Okay, so is it sufficient to add comments in code, or do we want to
add something in docs? I am not completely sure if we need to add in
docs till we have core-implementation of prepare waiting to get
logically replicated.

There's plenty users of logical decoding that aren't going through the
normal replication mechanism - so they can hit this. So I think it needs
to be documented somewhere.

As per discussion, the attached patch updates both docs and comments
in the code.

--
With Regards,
Amit Kapila.

Amit Kapila

amit.kapila16@gmail.com

about 5 years ago

In reply to: Amit Kapila (#6)

Re: locking [user] catalog tables vs 2pc vs logical rep

On Tue, Feb 23, 2021 at 12:00 PM Amit Kapila <amit.kapila16@gmail.com> wrote:

On Tue, Feb 23, 2021 at 9:33 AM Andres Freund <andres@anarazel.de> wrote:

On 2021-02-23 09:24:18 +0530, Amit Kapila wrote:

Okay, so is it sufficient to add comments in code, or do we want to
add something in docs? I am not completely sure if we need to add in
docs till we have core-implementation of prepare waiting to get
logically replicated.

There's plenty users of logical decoding that aren't going through the
normal replication mechanism - so they can hit this. So I think it needs
to be documented somewhere.

As per discussion, the attached patch updates both docs and comments
in the code.

I have pushed this patch.

--
With Regards,
Amit Kapila.

vignesh C

vignesh21@gmail.com

about 5 years ago

In reply to: Andres Freund (#1)

Re: locking [user] catalog tables vs 2pc vs logical rep

On Tue, Feb 23, 2021 at 3:59 AM Andres Freund <andres@anarazel.de> wrote:

Hi,

The 2pc decoding added in

commit a271a1b50e9bec07e2ef3a05e38e7285113e4ce6
Author: Amit Kapila <akapila@postgresql.org>
Date: 2021-01-04 08:34:50 +0530

Allow decoding at prepare time in ReorderBuffer.

has a deadlock danger when used in a way that takes advantage of
separate decoding of the 2PC PREPARE.

I assume the goal of decoding the 2PC PREPARE is so one can wait for the
PREPARE to have logically replicated, before doing the COMMIT PREPARED.

However, currently it's pretty easy to get into a state where logical
decoding cannot progress until the 2PC transaction has
committed/aborted. Which essentially would lead to undetected deadlocks.

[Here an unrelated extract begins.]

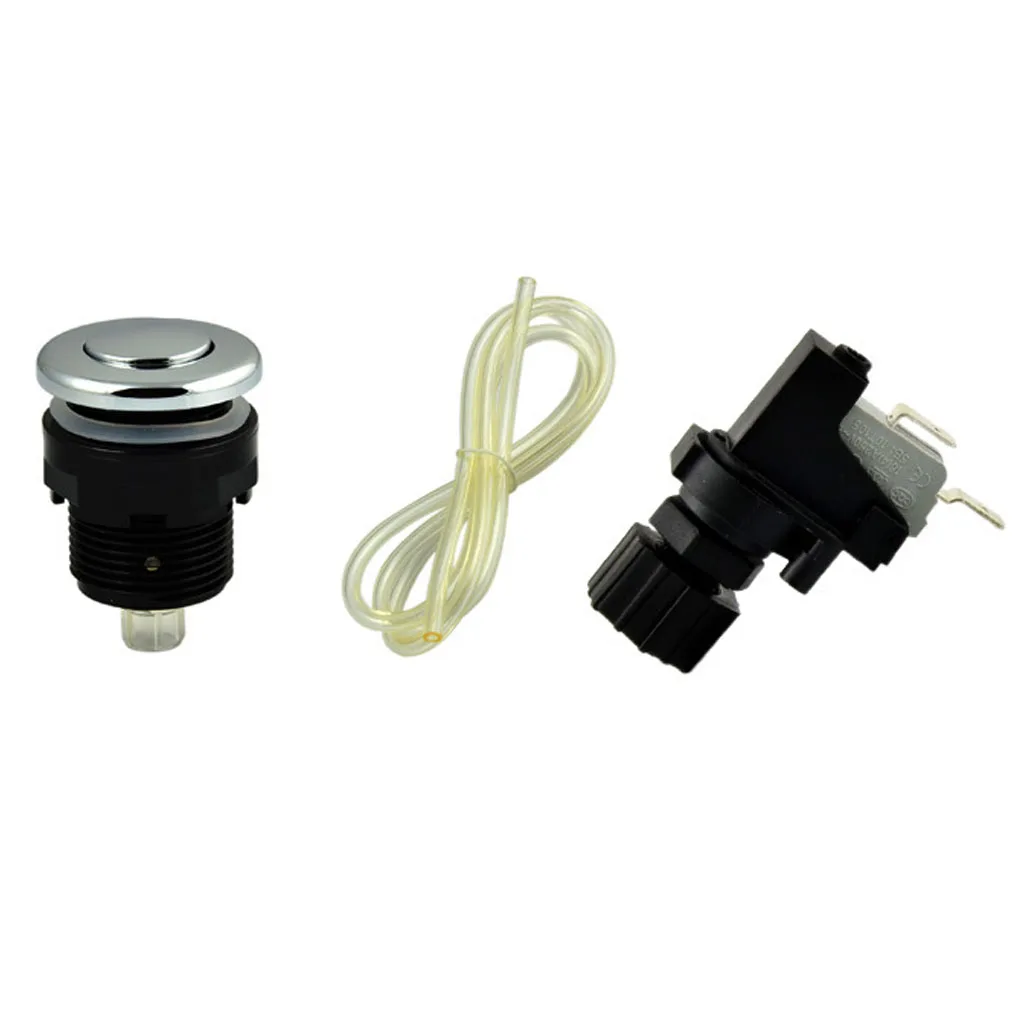 

16A On Off Push Air Button Switch Whirlpool Jet Set Bath Spa Tubing Garbage Disposer Air Switch Button Kit Random Color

The problem is that catalog tables accessed during logical decoding need
to get locked (otherwise e.g. a table rewrite could happen
concurrently). But if the prepared transaction itself holds a lock on a
catalog table, logical decoding will block on that lock - which won't be
released until replication progresses. A deadlock.

A trivial example:

SELECT pg_create_logical_replication_slot('test', 'test_decoding');
CREATE TABLE foo(id serial primary key);
BEGIN;
LOCK pg_class;
INSERT INTO foo DEFAULT VALUES;
PREPARE TRANSACTION 'foo';

-- hangs waiting for pg_class to be unlocked
SELECT pg_logical_slot_get_changes('test', NULL, NULL, 'two-phase-commit', '1');

Now, more realistic versions of this scenario would probably lock a
'user catalog table' containing replication metadata instead of
pg_class, but ...

At first this seems to be a significant issue. But on the other hand, if
you were to shut the cluster down in this situation (or disconnect all
sessions), you have broken cluster on your hand - without logical
decoding being involved. As it turns out, we need to read pg_class to
log in... And I can't remember this being reported to be a problem?

Perhaps all that we need to do is to disallow 2PC prepare if [user]
catalog tables have been locked exclusively? Similar to how we're
disallowing preparing tables with temp table access.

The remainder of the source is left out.